◆ **The task**
Take the lines below from the one with "Толстовка Unisex Universe 9N1M SENSE, черный" through the one with "-楚媚娘炭火蛙锅(宽厚里店)" and print only them, exactly. Don't print the pictures.

◆ **Entries shown**
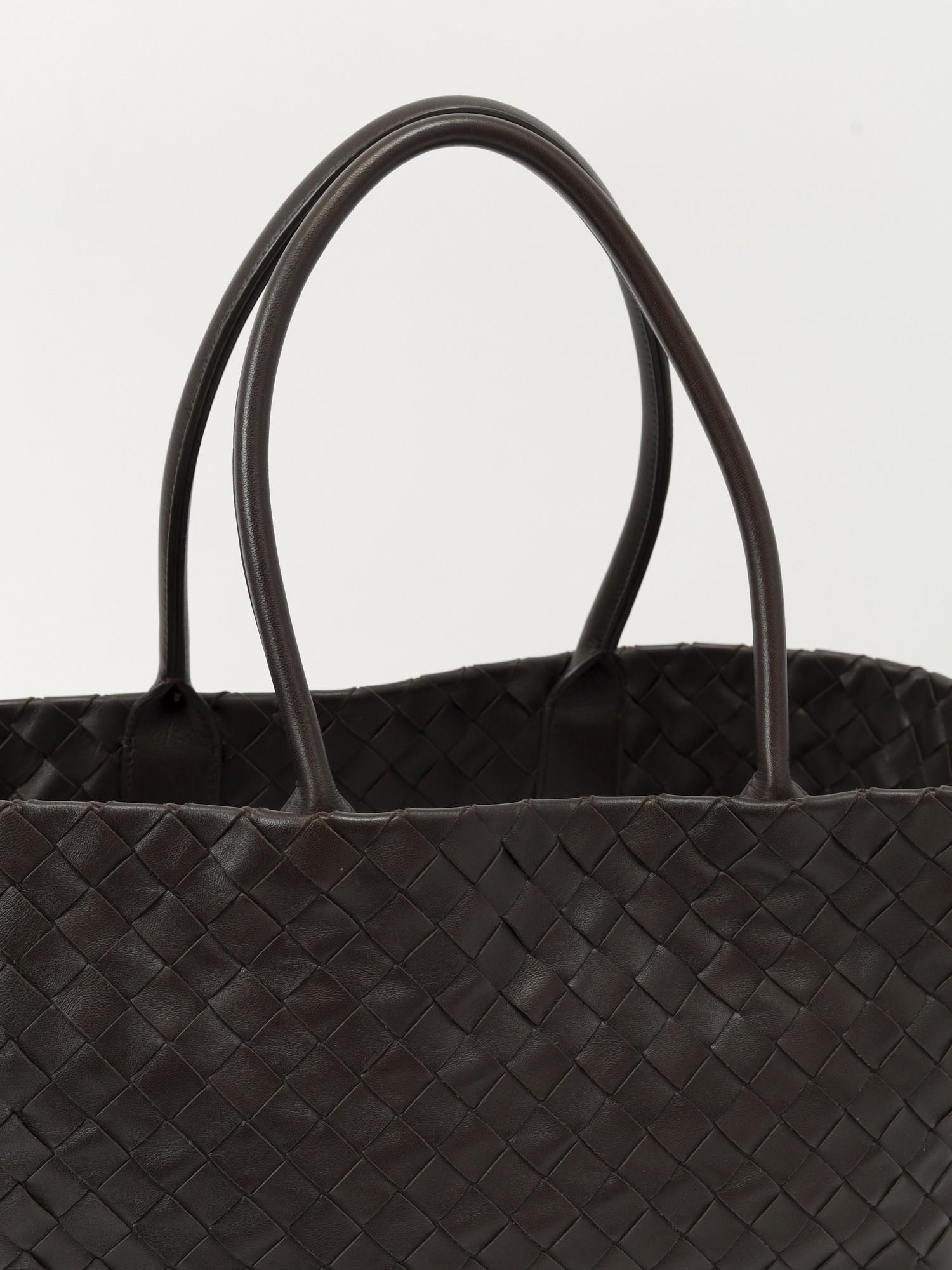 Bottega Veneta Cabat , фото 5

...

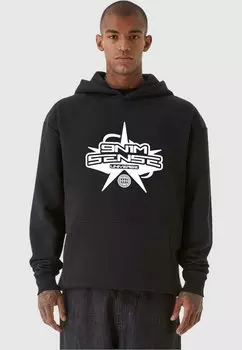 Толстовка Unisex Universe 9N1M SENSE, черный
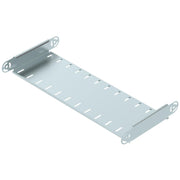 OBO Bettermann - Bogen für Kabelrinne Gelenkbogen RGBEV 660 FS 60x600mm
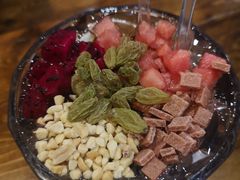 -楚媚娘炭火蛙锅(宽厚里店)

---

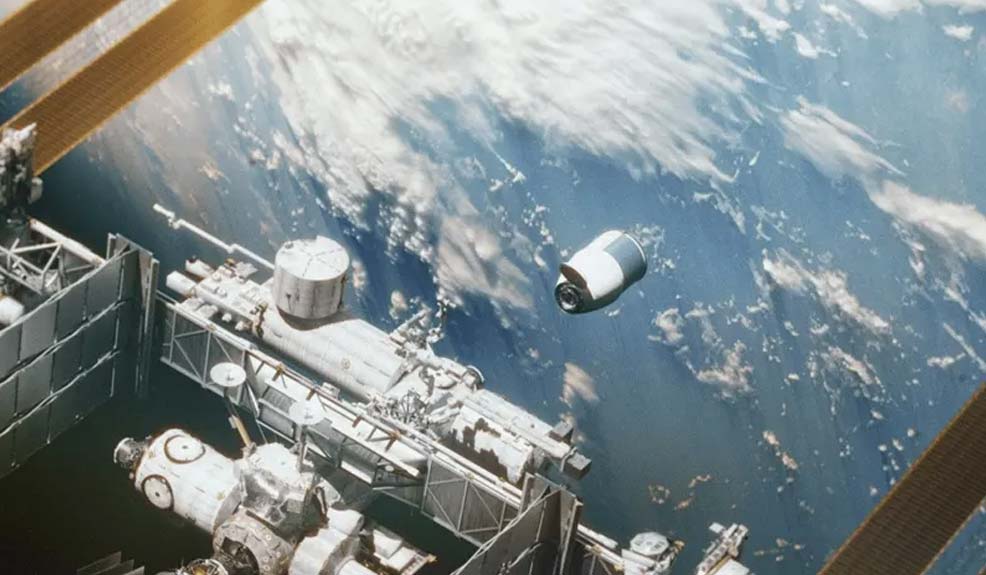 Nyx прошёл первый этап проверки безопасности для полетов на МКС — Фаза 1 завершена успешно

◆ **Response below**
 Толстовка Unisex Universe 9N1M SENSE, черный
 OBO Bettermann - Bogen für Kabelrinne Gelenkbogen RGBEV 660 FS 60x600mm
 -楚媚娘炭火蛙锅(宽厚里店)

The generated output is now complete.